▶ [TASK GOAL]:
Set the records down again exactly, apart from any pictures in them.

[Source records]
++++++

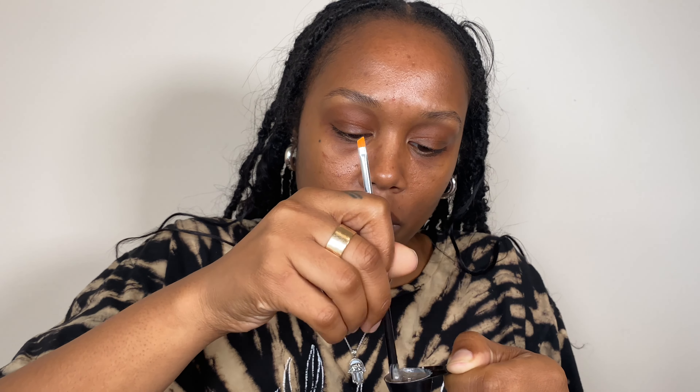I wonder if I should use a Q-tip. I'll use the end of my brush and just mix that together. So I have everything mixed up and it looks like that. And let's go ahead and start with the first brow.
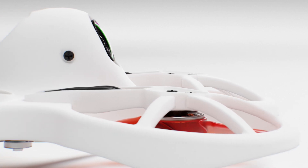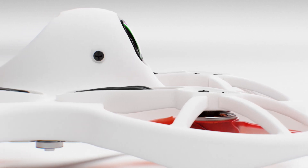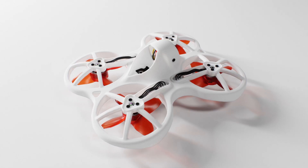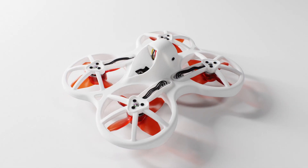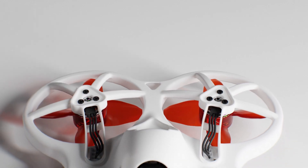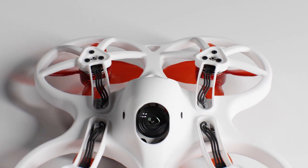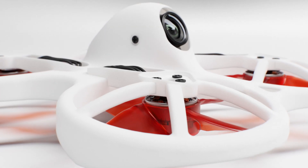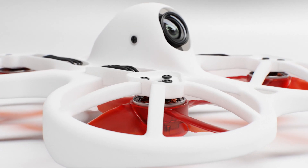With durability in mind, the EZPILOT PRO features a reimagined frame centered around the proven original Tiny Hawk design, which established itself as a baseline for all brushless indoor racing drones in its class. Taking the design to the next level involved more overall thickness and increased structural integrity, making this drone the most indestructible design ever produced by our engineers.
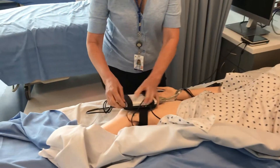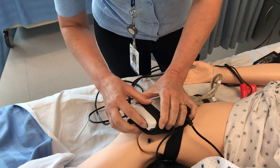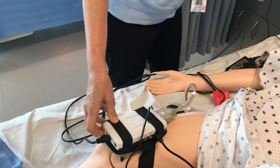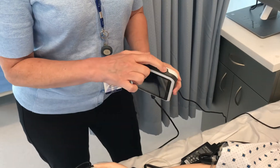So what you're going to do first of all to start this, you're going to turn two things on: one is a button on the link box, and the other is the button on the top of the SimPad Plus.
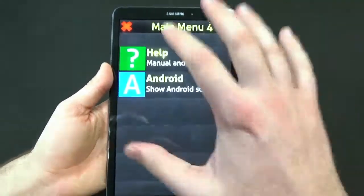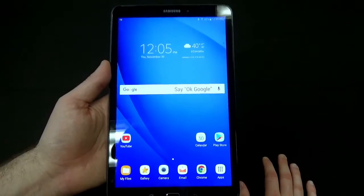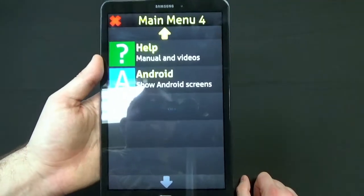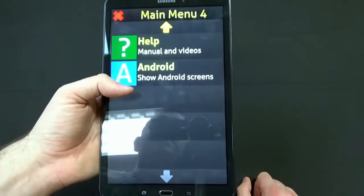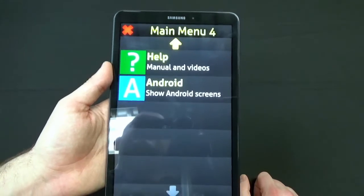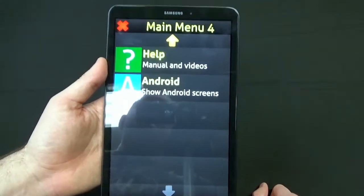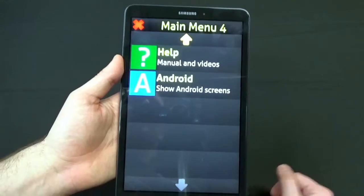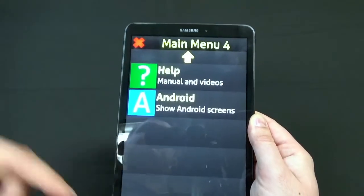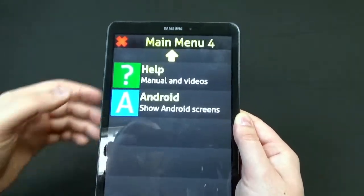One of the neat things about this is you don't have to stay in the Synaptic software if you don't want to. You can exit out to Android and use it like a normal Android device. You can make it so that Synaptic auto-launches when you turn the tablet on, or you can turn that feature off — so if the kids want to use it, you can turn it on as needed. It also has an app launcher so you can launch all Android apps on your device without ever having to completely exit out to Android.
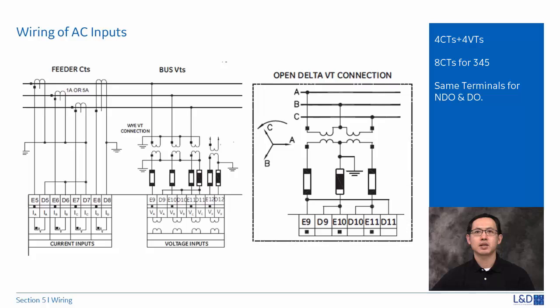Three phase inputs are designed as a bus voltage, and the connections most commonly used are Y and open delta. The single phase input is designed as the auxiliary VT voltage.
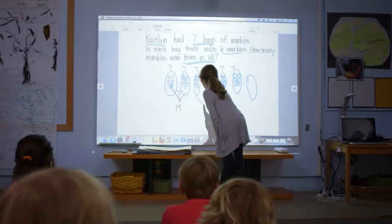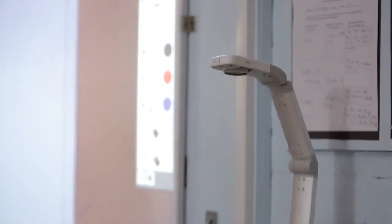It involves kinesthetic learning and tactile learning where they're actually manipulating and moving things around. We could be switching from what's on the document camera to what's on my computer to a kid's computer, and it does every single thing.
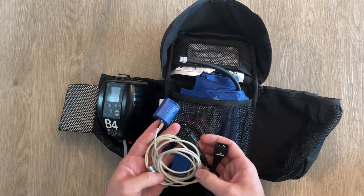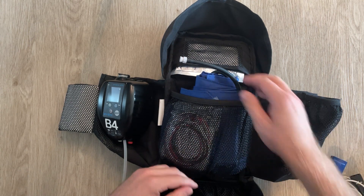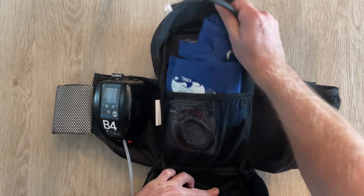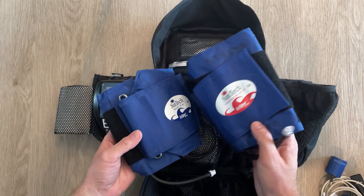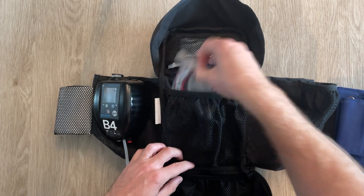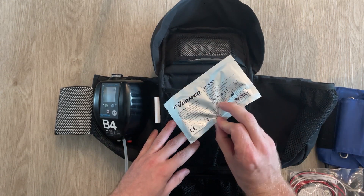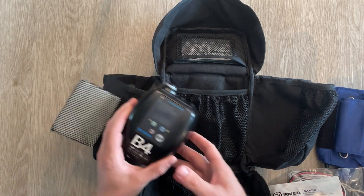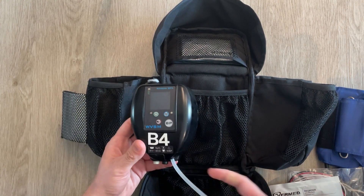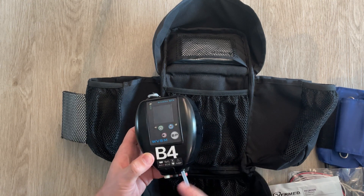It's got pulse ox attachments here — a couple of them — a couple of BP cuffs, a regular and a large adult, cardiac monitoring leads, and some cardiac monitoring stickers. So this is really the full package for patient monitoring — everything short of end-tidal CO2 monitoring, this thing will do.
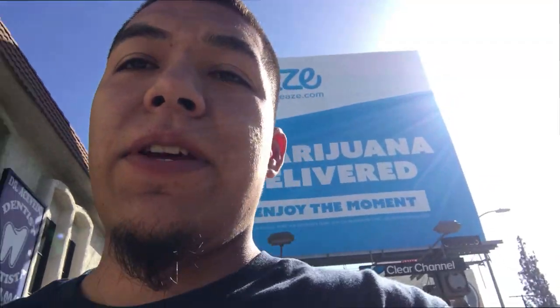That ends the video. Thanks for watching — please like, subscribe, and leave a comment down below.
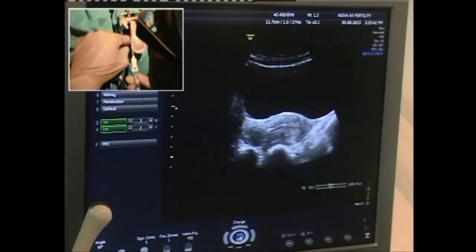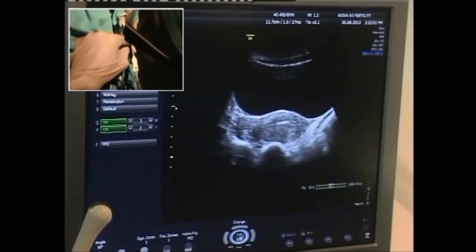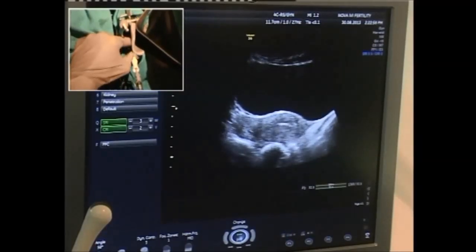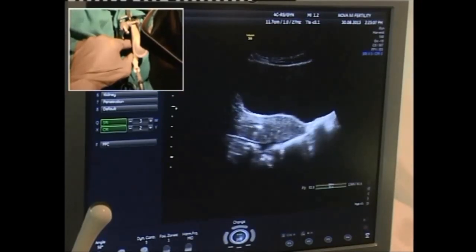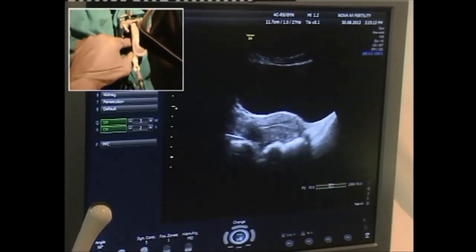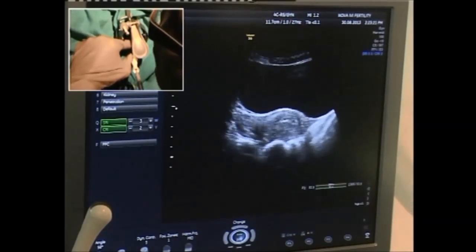We can see it now — going inside, reaching just a little below the fundus. It is going slightly subendometrial and we would like to see the tip clearly. I withdraw it slightly so that the distance is about a centimeter — this is where my outer is. We have to move our hands right and left and you have to have a very good assistant to be able to show you the tip.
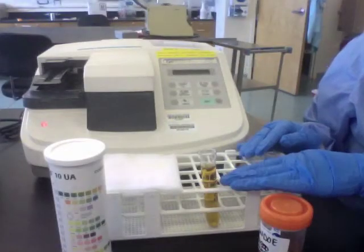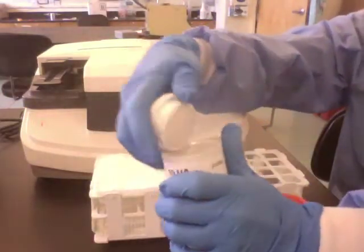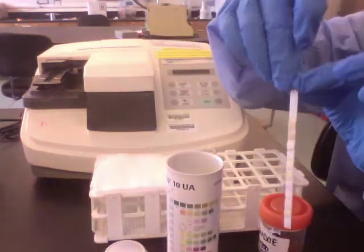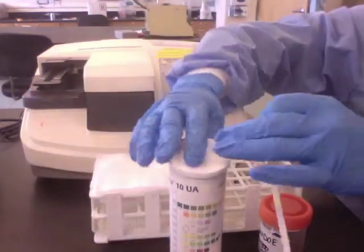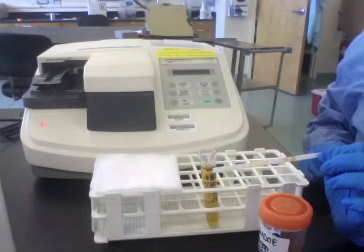Once you have your specimen all prepared, prepare your strip. Remove it from the pack, handling it by the handle. Replace the desiccant pack immediately. Once you have your strip ready, you can press Start.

++++++

▶ [EXERCISE OUTPUT]:
I wonder if I should use a Q-tip. I'll use the end of my brush and just mix that together. So I have everything mixed up and it looks like that. And let's go ahead and start with the first brow.
With durability in mind, the EZPILOT PRO features a reimagined frame centered around the proven original Tiny Hawk design, which established itself as a baseline for all brushless indoor racing drones in its class. Taking the design to the next level involved more overall thickness and increased structural integrity, making this drone the most indestructible design ever produced by our engineers.
So what you're going to do first of all to start this, you're going to turn two things on: one is a button on the link box, and the other is the button on the top of the SimPad Plus.
One of the neat things about this is you don't have to stay in the Synaptic software if you don't want to. You can exit out to Android and use it like a normal Android device. You can make it so that Synaptic auto-launches when you turn the tablet on, or you can turn that feature off — so if the kids want to use it, you can turn it on as needed. It also has an app launcher so you can launch all Android apps on your device without ever having to completely exit out to Android.
Three phase inputs are designed as a bus voltage, and the connections most commonly used are Y and open delta. The single phase input is designed as the auxiliary VT voltage.
It involves kinesthetic learning and tactile learning where they're actually manipulating and moving things around. We could be switching from what's on the document camera to what's on my computer to a kid's computer, and it does every single thing.
It's got pulse ox attachments here — a couple of them — a couple of BP cuffs, a regular and a large adult, cardiac monitoring leads, and some cardiac monitoring stickers. So this is really the full package for patient monitoring — everything short of end-tidal CO2 monitoring, this thing will do.
That ends the video. Thanks for watching — please like, subscribe, and leave a comment down below.
We can see it now — going inside, reaching just a little below the fundus. It is going slightly subendometrial and we would like to see the tip clearly. I withdraw it slightly so that the distance is about a centimeter — this is where my outer is. We have to move our hands right and left and you have to have a very good assistant to be able to show you the tip.
Once you have your specimen all prepared, prepare your strip. Remove it from the pack, handling it by the handle. Replace the desiccant pack immediately. Once you have your strip ready, you can press Start.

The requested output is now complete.